Redis Operations Guide
This document covers Redis cluster topology, key inventory, per-service dependency mapping, disaster recovery runbooks, and migration procedures.
1. Cluster Topology
Production (deploy/k8s/production/)
- StatefulSet:
cordum-redis, 6 pods (cordum-redis-0throughcordum-redis-5) - Layout: 3 primaries + 3 replicas (
--cluster-replicas 1) - Hash slots: 16384 total, distributed evenly across 3 primaries (~5461 each)

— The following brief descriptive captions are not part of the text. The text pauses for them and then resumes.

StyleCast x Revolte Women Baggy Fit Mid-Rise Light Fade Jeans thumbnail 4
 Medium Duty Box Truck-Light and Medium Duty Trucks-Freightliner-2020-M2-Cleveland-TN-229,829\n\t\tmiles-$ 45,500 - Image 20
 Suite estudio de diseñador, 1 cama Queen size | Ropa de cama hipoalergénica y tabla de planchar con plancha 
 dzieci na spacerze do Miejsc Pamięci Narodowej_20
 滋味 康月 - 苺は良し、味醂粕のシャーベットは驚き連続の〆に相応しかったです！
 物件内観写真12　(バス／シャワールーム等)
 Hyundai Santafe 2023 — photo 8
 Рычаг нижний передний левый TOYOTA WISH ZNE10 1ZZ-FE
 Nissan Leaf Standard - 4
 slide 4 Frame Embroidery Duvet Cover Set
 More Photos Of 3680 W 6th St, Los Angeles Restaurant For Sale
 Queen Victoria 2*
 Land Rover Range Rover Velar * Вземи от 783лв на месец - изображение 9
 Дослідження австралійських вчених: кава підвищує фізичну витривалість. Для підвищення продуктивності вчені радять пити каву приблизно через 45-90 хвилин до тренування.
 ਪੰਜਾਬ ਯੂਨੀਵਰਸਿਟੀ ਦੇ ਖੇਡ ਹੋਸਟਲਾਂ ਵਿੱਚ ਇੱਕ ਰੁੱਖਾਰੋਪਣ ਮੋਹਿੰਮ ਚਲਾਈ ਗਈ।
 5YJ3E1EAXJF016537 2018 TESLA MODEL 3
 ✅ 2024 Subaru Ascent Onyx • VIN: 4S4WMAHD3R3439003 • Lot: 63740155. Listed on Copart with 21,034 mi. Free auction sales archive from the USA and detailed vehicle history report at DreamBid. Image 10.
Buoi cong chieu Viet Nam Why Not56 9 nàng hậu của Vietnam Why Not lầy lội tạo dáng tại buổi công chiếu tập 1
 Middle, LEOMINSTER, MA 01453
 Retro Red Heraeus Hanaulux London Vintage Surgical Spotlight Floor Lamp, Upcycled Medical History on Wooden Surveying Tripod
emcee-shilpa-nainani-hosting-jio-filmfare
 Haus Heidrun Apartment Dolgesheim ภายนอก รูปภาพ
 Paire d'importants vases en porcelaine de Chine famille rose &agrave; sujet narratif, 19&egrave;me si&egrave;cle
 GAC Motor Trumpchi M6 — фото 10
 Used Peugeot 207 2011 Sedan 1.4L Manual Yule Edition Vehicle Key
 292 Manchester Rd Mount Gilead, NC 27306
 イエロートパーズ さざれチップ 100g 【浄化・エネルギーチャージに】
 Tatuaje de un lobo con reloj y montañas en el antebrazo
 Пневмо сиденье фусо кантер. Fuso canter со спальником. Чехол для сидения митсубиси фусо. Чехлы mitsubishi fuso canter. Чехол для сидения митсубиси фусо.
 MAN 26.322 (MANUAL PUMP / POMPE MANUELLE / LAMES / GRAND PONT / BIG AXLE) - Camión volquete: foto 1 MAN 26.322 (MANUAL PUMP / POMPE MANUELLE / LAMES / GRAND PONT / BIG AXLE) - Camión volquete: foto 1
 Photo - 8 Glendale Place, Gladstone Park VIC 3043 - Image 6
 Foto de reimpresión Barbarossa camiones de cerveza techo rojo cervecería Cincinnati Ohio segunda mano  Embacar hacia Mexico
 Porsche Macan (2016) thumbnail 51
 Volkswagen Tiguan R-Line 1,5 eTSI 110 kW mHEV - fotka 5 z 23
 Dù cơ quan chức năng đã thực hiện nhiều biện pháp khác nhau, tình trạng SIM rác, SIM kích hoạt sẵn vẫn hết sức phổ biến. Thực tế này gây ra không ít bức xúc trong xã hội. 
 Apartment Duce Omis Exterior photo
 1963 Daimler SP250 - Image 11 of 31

- Node timeout: 5000ms — a node unresponsive for 5s is marked as potentially failed
- Persistence: AOF enabled (
appendonly yes), 20Gi PVC per node - TLS: Full mutual TLS (
tls-auth-clients yes), plain port disabled (port 0) - Exporter:
oliver006/redis_exporter:v1.58.0sidecar on port 9121 - Anti-affinity: Preferred pod anti-affinity on
kubernetes.io/hostname(best-effort spread) - PDB:
minAvailable: 2for primaries during node drains (seeha.yaml)- Note: The PDB covers all 6 pods. With
minAvailable: 4, at most 2 pods can be evicted simultaneously, preserving at least 2 primaries + 2 replicas.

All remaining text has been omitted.